*** Records for this exercise Section Begins ***

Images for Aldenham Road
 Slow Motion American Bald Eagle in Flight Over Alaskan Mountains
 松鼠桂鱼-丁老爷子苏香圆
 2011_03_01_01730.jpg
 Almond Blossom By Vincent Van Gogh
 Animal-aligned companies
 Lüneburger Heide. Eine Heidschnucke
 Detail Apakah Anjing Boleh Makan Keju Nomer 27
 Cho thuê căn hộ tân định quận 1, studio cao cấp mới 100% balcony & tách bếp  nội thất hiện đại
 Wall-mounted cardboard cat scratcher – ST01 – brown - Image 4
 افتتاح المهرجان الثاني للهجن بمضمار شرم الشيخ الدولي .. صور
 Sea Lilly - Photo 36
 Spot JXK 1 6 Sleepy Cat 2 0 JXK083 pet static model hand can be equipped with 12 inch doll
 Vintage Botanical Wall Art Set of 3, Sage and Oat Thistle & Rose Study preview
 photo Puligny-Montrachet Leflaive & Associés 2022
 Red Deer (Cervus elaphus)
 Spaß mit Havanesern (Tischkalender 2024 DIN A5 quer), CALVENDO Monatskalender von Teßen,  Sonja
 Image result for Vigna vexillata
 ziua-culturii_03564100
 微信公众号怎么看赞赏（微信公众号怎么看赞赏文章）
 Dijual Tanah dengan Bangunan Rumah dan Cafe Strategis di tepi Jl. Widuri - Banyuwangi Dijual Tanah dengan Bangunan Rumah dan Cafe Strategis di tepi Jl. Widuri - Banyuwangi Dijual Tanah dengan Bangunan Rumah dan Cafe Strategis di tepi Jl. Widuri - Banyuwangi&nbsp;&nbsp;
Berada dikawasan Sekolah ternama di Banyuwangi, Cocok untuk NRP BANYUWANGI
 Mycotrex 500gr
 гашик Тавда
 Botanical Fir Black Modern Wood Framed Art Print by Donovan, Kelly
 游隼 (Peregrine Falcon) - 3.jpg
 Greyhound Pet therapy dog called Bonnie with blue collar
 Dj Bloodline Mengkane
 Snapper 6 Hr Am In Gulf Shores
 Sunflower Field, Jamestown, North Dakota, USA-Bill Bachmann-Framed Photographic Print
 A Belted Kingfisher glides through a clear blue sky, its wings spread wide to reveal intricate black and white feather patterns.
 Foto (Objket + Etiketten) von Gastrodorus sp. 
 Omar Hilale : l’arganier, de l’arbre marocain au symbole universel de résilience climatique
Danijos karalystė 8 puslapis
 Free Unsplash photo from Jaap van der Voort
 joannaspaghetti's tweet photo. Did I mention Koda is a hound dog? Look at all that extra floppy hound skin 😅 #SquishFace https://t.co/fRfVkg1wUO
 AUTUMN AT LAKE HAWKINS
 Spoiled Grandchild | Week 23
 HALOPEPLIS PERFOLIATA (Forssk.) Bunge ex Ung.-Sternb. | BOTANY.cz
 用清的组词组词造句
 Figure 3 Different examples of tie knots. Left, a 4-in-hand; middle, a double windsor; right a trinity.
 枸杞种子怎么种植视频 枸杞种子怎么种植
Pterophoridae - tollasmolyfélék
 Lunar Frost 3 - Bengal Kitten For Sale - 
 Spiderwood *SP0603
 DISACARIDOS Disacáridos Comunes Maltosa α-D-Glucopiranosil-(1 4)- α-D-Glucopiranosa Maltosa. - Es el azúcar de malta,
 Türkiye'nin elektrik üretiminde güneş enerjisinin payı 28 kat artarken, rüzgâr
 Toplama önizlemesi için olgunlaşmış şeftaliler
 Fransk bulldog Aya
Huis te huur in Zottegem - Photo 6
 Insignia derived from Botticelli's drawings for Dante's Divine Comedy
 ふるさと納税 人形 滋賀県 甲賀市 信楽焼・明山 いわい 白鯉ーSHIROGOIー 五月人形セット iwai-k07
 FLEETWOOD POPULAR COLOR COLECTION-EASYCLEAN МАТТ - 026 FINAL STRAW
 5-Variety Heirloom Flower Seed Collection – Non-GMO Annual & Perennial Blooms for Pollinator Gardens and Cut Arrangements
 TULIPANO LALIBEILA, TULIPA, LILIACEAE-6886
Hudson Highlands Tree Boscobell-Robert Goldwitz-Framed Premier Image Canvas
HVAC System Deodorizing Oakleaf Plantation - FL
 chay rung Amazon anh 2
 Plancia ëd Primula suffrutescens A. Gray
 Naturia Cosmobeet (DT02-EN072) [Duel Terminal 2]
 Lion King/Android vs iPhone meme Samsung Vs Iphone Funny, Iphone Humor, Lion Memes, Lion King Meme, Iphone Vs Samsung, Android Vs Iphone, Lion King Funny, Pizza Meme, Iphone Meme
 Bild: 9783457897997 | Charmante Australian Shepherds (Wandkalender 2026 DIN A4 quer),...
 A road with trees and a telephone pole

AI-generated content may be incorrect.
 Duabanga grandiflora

*** Records for this exercise Section Ends ***

### What to produce
Could you set down every record exactly as given?

### Task result
Images for Aldenham Road
 Slow Motion American Bald Eagle in Flight Over Alaskan Mountains
 松鼠桂鱼-丁老爷子苏香圆
 2011_03_01_01730.jpg
 Almond Blossom By Vincent Van Gogh
 Animal-aligned companies
 Lüneburger Heide. Eine Heidschnucke
 Detail Apakah Anjing Boleh Makan Keju Nomer 27
 Cho thuê căn hộ tân định quận 1, studio cao cấp mới 100% balcony & tách bếp  nội thất hiện đại
 Wall-mounted cardboard cat scratcher – ST01 – brown - Image 4
 افتتاح المهرجان الثاني للهجن بمضمار شرم الشيخ الدولي .. صور
 Sea Lilly - Photo 36
 Spot JXK 1 6 Sleepy Cat 2 0 JXK083 pet static model hand can be equipped with 12 inch doll
 Vintage Botanical Wall Art Set of 3, Sage and Oat Thistle & Rose Study preview
 photo Puligny-Montrachet Leflaive & Associés 2022
 Red Deer (Cervus elaphus)
 Spaß mit Havanesern (Tischkalender 2024 DIN A5 quer), CALVENDO Monatskalender von Teßen,  Sonja
 Image result for Vigna vexillata
 ziua-culturii_03564100
 微信公众号怎么看赞赏（微信公众号怎么看赞赏文章）
 Dijual Tanah dengan Bangunan Rumah dan Cafe Strategis di tepi Jl. Widuri - Banyuwangi Dijual Tanah dengan Bangunan Rumah dan Cafe Strategis di tepi Jl. Widuri - Banyuwangi Dijual Tanah dengan Bangunan Rumah dan Cafe Strategis di tepi Jl. Widuri - Banyuwangi&nbsp;&nbsp;
Berada dikawasan Sekolah ternama di Banyuwangi, Cocok untuk NRP BANYUWANGI
 Mycotrex 500gr
 гашик Тавда
 Botanical Fir Black Modern Wood Framed Art Print by Donovan, Kelly
 游隼 (Peregrine Falcon) - 3.jpg
 Greyhound Pet therapy dog called Bonnie with blue collar
 Dj Bloodline Mengkane
 Snapper 6 Hr Am In Gulf Shores
 Sunflower Field, Jamestown, North Dakota, USA-Bill Bachmann-Framed Photographic Print
 A Belted Kingfisher glides through a clear blue sky, its wings spread wide to reveal intricate black and white feather patterns.
 Foto (Objket + Etiketten) von Gastrodorus sp. 
 Omar Hilale : l’arganier, de l’arbre marocain au symbole universel de résilience climatique
Danijos karalystė 8 puslapis
 Free Unsplash photo from Jaap van der Voort
 joannaspaghetti's tweet photo. Did I mention Koda is a hound dog? Look at all that extra floppy hound skin 😅 #SquishFace https://t.co/fRfVkg1wUO
 AUTUMN AT LAKE HAWKINS
 Spoiled Grandchild | Week 23
 HALOPEPLIS PERFOLIATA (Forssk.) Bunge ex Ung.-Sternb. | BOTANY.cz
 用清的组词组词造句
 Figure 3 Different examples of tie knots. Left, a 4-in-hand; middle, a double windsor; right a trinity.
 枸杞种子怎么种植视频 枸杞种子怎么种植
Pterophoridae - tollasmolyfélék
 Lunar Frost 3 - Bengal Kitten For Sale - 
 Spiderwood *SP0603
 DISACARIDOS Disacáridos Comunes Maltosa α-D-Glucopiranosil-(1 4)- α-D-Glucopiranosa Maltosa. - Es el azúcar de malta,
 Türkiye'nin elektrik üretiminde güneş enerjisinin payı 28 kat artarken, rüzgâr
 Toplama önizlemesi için olgunlaşmış şeftaliler
 Fransk bulldog Aya
Huis te huur in Zottegem - Photo 6
 Insignia derived from Botticelli's drawings for Dante's Divine Comedy
 ふるさと納税 人形 滋賀県 甲賀市 信楽焼・明山 いわい 白鯉ーSHIROGOIー 五月人形セット iwai-k07
 FLEETWOOD POPULAR COLOR COLECTION-EASYCLEAN МАТТ - 026 FINAL STRAW
 5-Variety Heirloom Flower Seed Collection – Non-GMO Annual & Perennial Blooms for Pollinator Gardens and Cut Arrangements
 TULIPANO LALIBEILA, TULIPA, LILIACEAE-6886
Hudson Highlands Tree Boscobell-Robert Goldwitz-Framed Premier Image Canvas
HVAC System Deodorizing Oakleaf Plantation - FL
 chay rung Amazon anh 2
 Plancia ëd Primula suffrutescens A. Gray
 Naturia Cosmobeet (DT02-EN072) [Duel Terminal 2]
 Lion King/Android vs iPhone meme Samsung Vs Iphone Funny, Iphone Humor, Lion Memes, Lion King Meme, Iphone Vs Samsung, Android Vs Iphone, Lion King Funny, Pizza Meme, Iphone Meme
 Bild: 9783457897997 | Charmante Australian Shepherds (Wandkalender 2026 DIN A4 quer),...
 A road with trees and a telephone pole

AI-generated content may be incorrect.
 Duabanga grandiflora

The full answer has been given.